Dataset extract:
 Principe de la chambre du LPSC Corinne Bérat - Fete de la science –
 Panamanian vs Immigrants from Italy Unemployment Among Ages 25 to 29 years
---
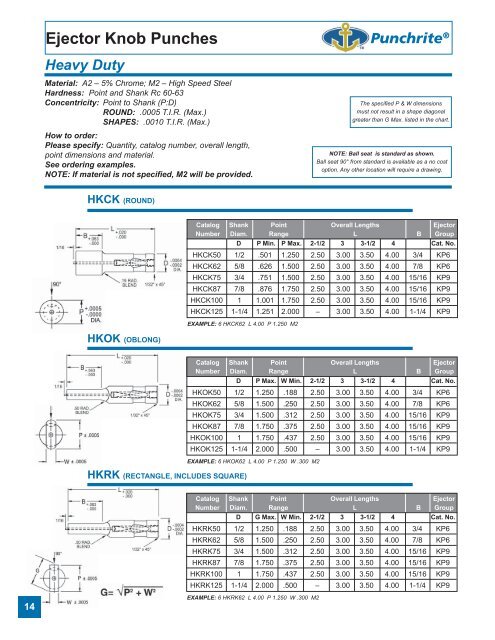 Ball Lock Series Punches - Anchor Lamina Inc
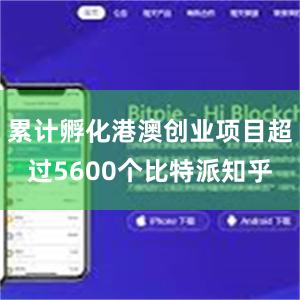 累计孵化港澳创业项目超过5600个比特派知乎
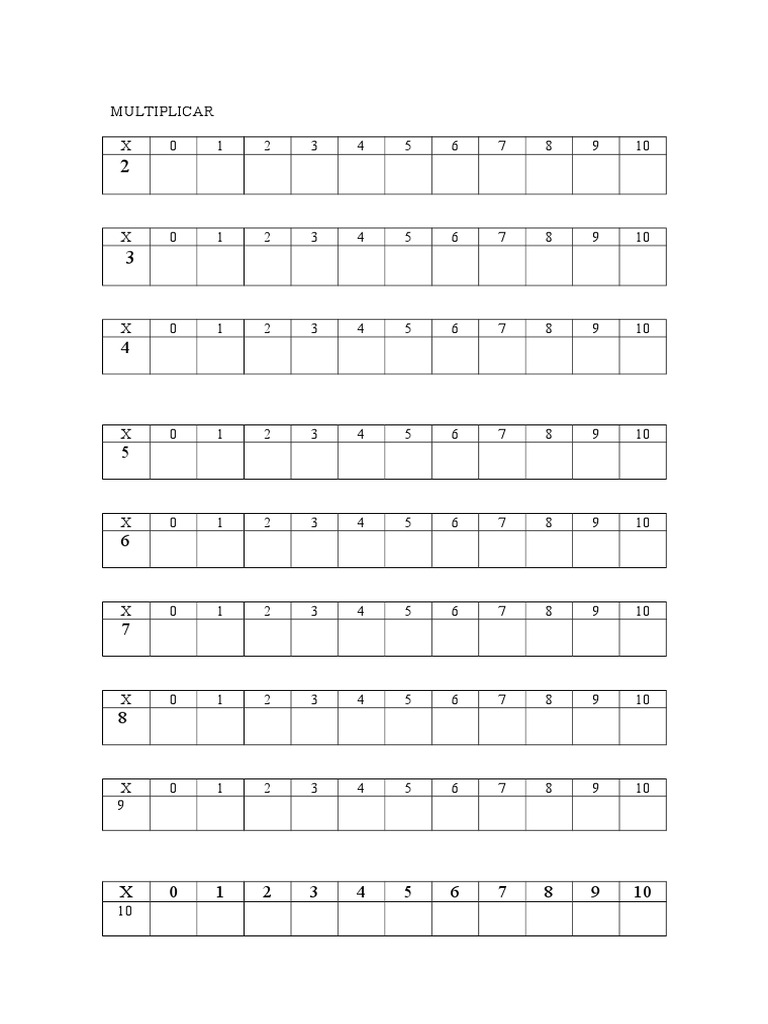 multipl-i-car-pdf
--
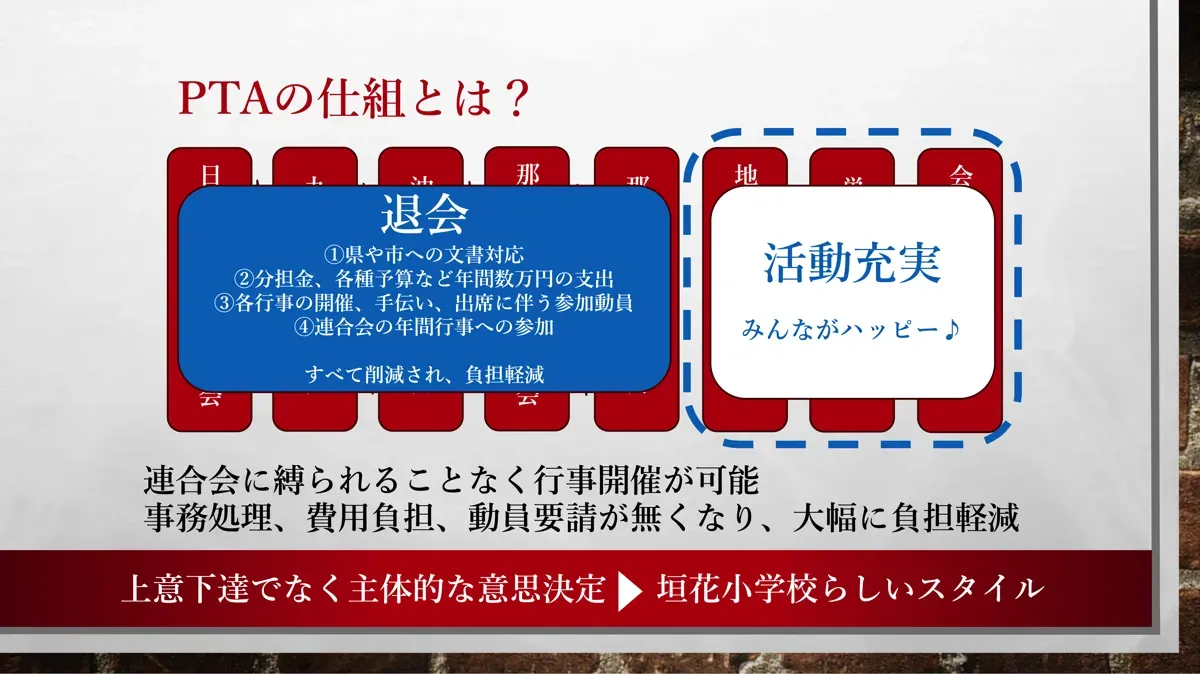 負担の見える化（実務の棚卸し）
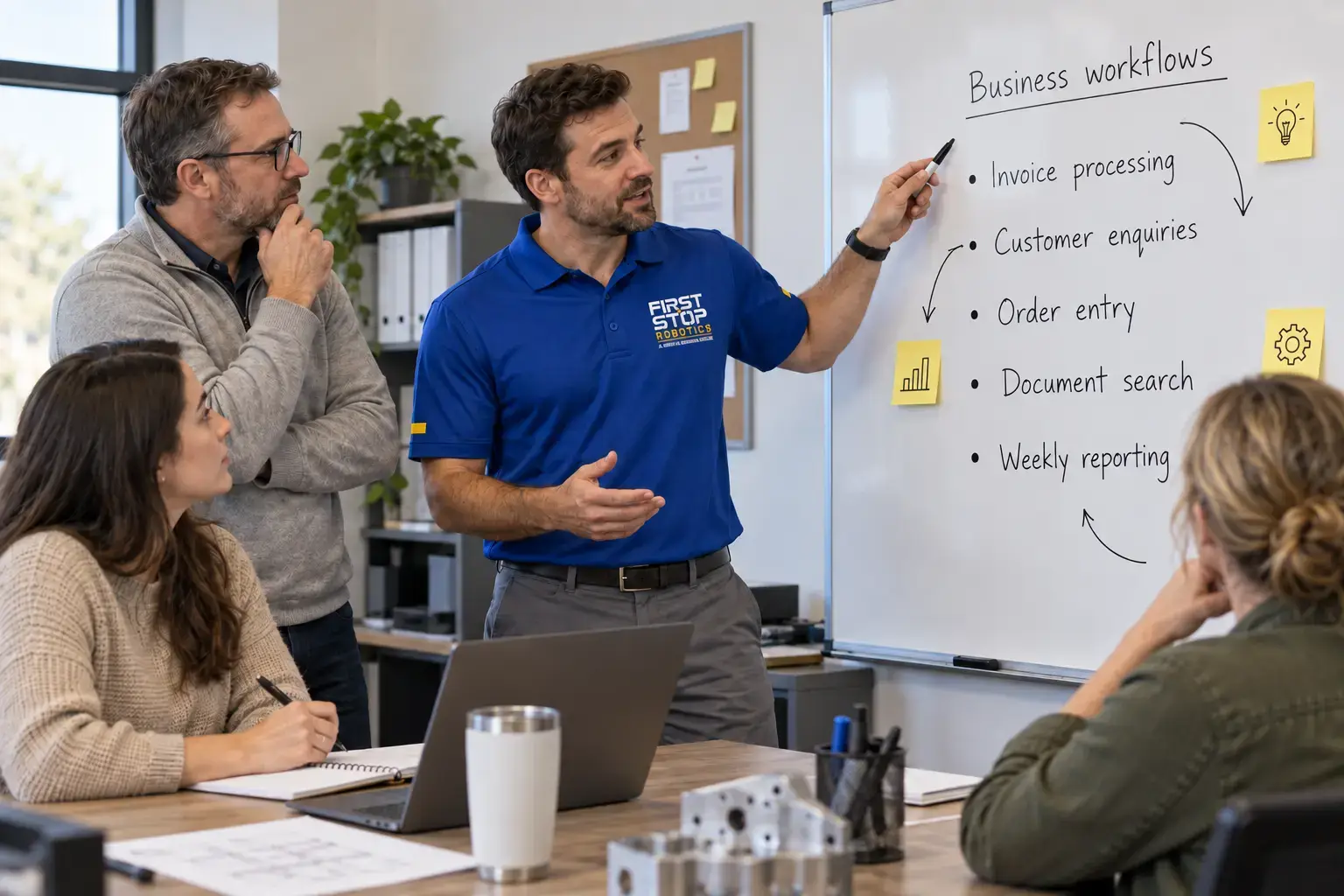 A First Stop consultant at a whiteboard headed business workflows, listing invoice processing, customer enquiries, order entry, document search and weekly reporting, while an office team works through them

What is needed:
Copy verbatim, from the listing above, each line from the one containing "Principe de la" down to the one containing "Panamanian vs Immigrants", inclusive.

Expected answer:
 Principe de la chambre du LPSC Corinne Bérat - Fete de la science –
 Panamanian vs Immigrants from Italy Unemployment Among Ages 25 to 29 years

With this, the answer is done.